BEGIN DATA PROVIDED

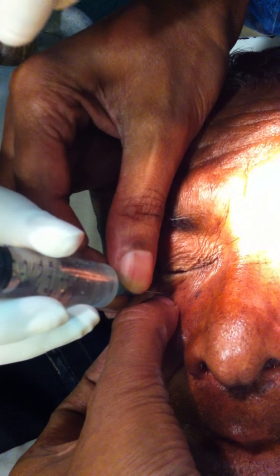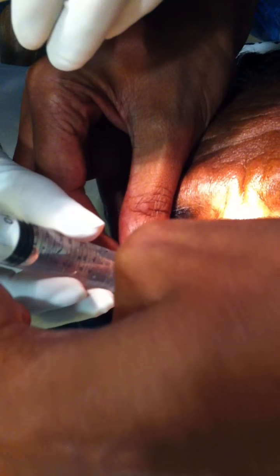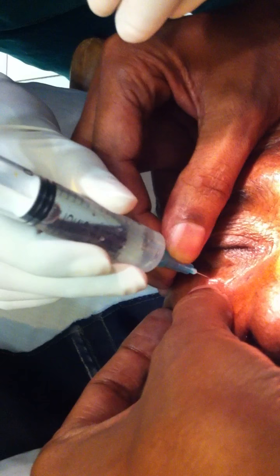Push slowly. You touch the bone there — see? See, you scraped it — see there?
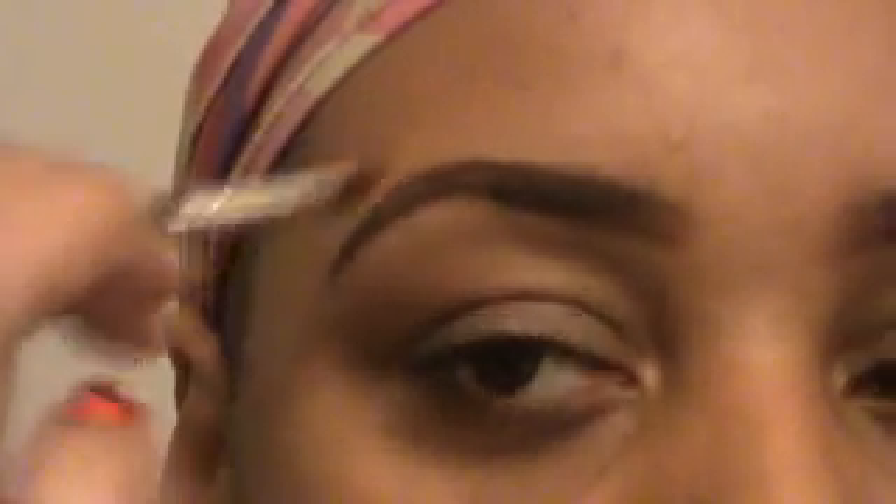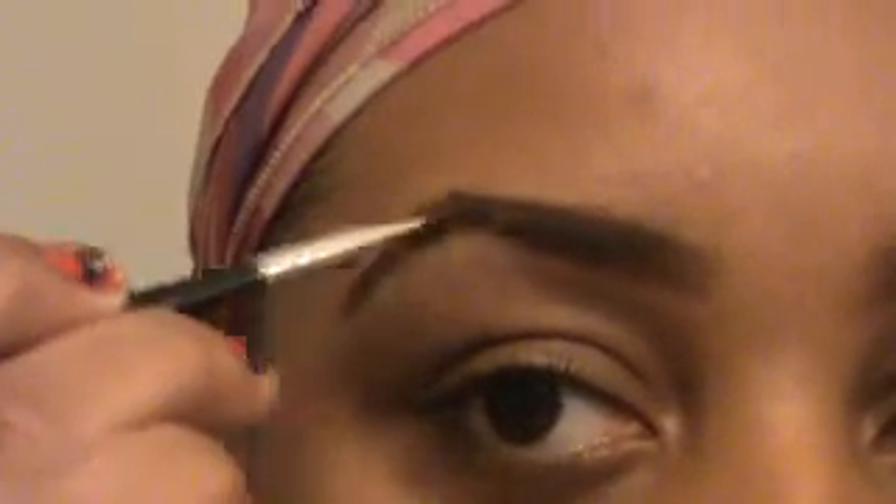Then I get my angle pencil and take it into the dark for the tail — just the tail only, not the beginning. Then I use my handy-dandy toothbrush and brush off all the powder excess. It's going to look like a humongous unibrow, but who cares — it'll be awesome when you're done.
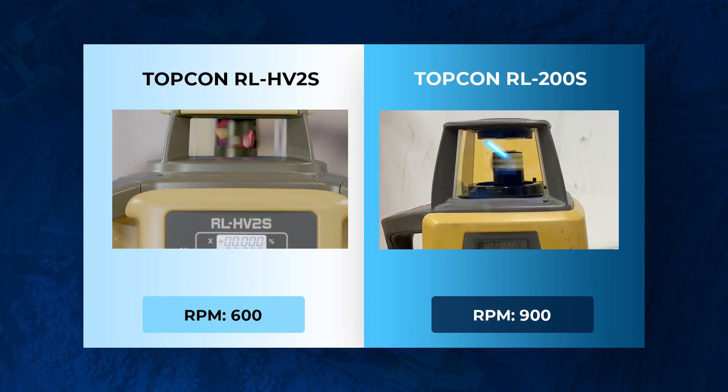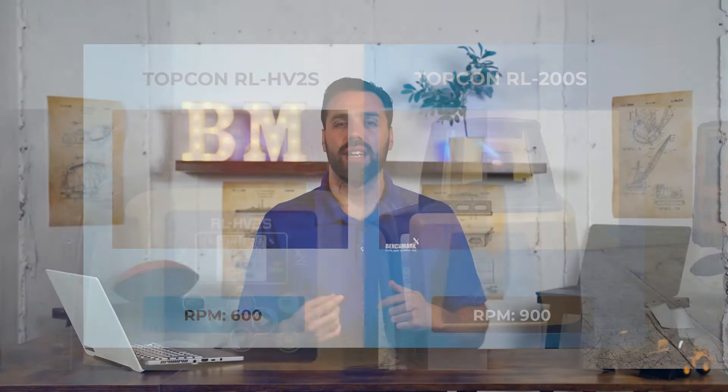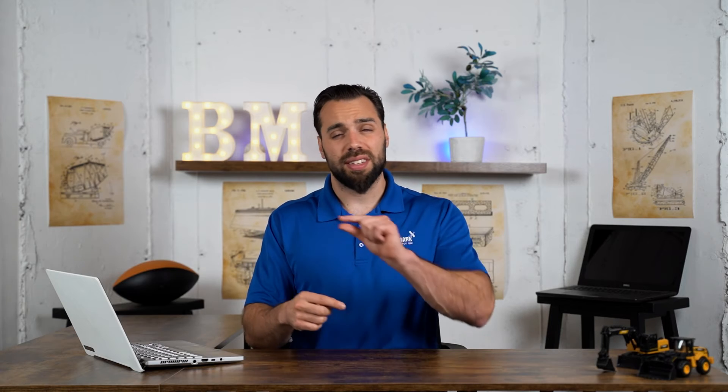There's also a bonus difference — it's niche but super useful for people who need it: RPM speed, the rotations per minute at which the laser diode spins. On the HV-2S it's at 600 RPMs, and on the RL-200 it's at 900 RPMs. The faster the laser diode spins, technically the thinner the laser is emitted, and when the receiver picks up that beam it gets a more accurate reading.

END DATA PROVIDED

**EXERCISE GOAL:** Drop every image, please, and write out the data above exactly as shown.

**WRITTEN REPLY:**
Push slowly. You touch the bone there — see? See, you scraped it — see there?
Then I get my angle pencil and take it into the dark for the tail — just the tail only, not the beginning. Then I use my handy-dandy toothbrush and brush off all the powder excess. It's going to look like a humongous unibrow, but who cares — it'll be awesome when you're done.
There's also a bonus difference — it's niche but super useful for people who need it: RPM speed, the rotations per minute at which the laser diode spins. On the HV-2S it's at 600 RPMs, and on the RL-200 it's at 900 RPMs. The faster the laser diode spins, technically the thinner the laser is emitted, and when the receiver picks up that beam it gets a more accurate reading.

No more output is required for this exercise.